Sales leads are are generally managed and nurtured in CRM systems. It will be nice if we could predict the likelihood of any lead converting to an actual deal. This could be very beneficial in many ways e.g. proactively providing special care for weak leads and for projecting future revenue .
In this post we will go over a predictive modeling solution built on Python ScikitLearn Machine Learning Library. We will be using Gradient Boosted Tree(GBT) which is a powerful and popular supervised learning algorithm.
During the course of this blog, we will also see how the abstraction layer I have built around Scikit supervised learning algorithms works. The abstraction layer along with property file based configuration management makes model building and model life cycle management significantly easier. The implementation can be found in my OSS project avenir.
Gradient Boosted Trees
Boosting is an ensemble technique in Machine Learning. Ensemble is a way to combine multiple simple or weak models to create more powerful models. The difference between different boosting algorithms depends on how the simple models are combined. Here are the main steps in boosting.
- Build an initial simple model
- Build a next model based on the prediction accuracy of the models built so far, taken together. This step addresses the shortcomings of the simple models built so far
- Repeat step 2 until the stopping condition is reached
With Gradient Boosted Trees(GBT), a numerical optimization is performed where the objective is to minimize loss of the ensemble by adding simple or base learners using gradient descent procedure. The simple or base learners for GBT are regression trees, which are added to the ensemble in an additive way. Since the gradient is taken w.r.t to the base learner or function, the procedure is also known as Functional Gradient Boosting (FGD).

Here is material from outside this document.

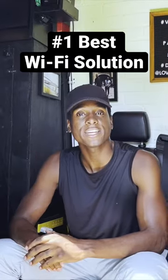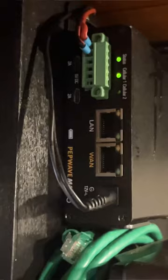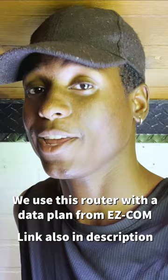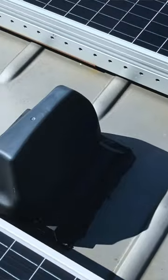Our first and primary means of getting internet on the road is our mobile router. It has been an instrumental tool for us to become digital nomads. The PepWave Max Transit Duo is on a 750 gigabyte plan and it's unthrottled high priority. On top of the van we have a 7-in-1 pointing antenna.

The shortcomings of the existing ensemble while adding a new simple model is measured by the gradient of the loss. To be more specific, the parameters for the new base model to be added, is chosen such that loss is reduced, moving in the direction of the negative gradient of the loss function.
Sales Lead Data from CRM
We will be using sales lad data from a fictitious CRM system with the following attributes as our use case.
- source of lead e.g trade show, web down load etc
- lead contact type e.g has recommendation authority
- lead company size
- number of days so far in CRM pipeline
- number of meetings so far with lead and others in lead’s company
- number of emails exchanged so far with lead and others in lead’s company
- number of web site visits so far by the lead and and others in lead’s company
- number of demos so far
- expected revenue from the deal
- whether proposal with price quote sent
- whether the lead converted
Since most of the feature attributes are time dependent i.e time spent in the sales pipeline, the prediction also depends on the time spent in the pipeline.
The first attribute is an ID which is ignored. The last attribute is the target or class label. The rest are feature attributes. Here is some sample data.
7E561S3X62,referral,canReccommend,large,50,7,14,4,3,49679,N,1 RH19V26CX5,tradeShow,canDecide,large,58,6,10,8,4,46127,N,0 3GXMOW46MA,referral,canReccommend,large,84,6,8,3,3,30000,N,1 3WYD4CY31A,advertisement,canDecide,medium,42,9,5,2,2,44659,N,0 GUXRCLV835,webDownload,canReccommend,large,43,4,8,1,3,46172,N,0 9XXGCOBGWR,webDownload,canDecide,small,23,5,12,1,4,45789,N,0 SGZS58ESSU,webDownload,canReccommend,medium,67,6,12,6,3,38449,N,0
Predictive Modeling Framework
To make it easier and to keep it inline with the predictive model development life cycle process, I have created an abstraction wrapper class on top of ScikitLearn suoervised learning algorithms. The API of the abstraction class consists of these essential methods, each of them corresponding to a phase in the predictive model development life cycle.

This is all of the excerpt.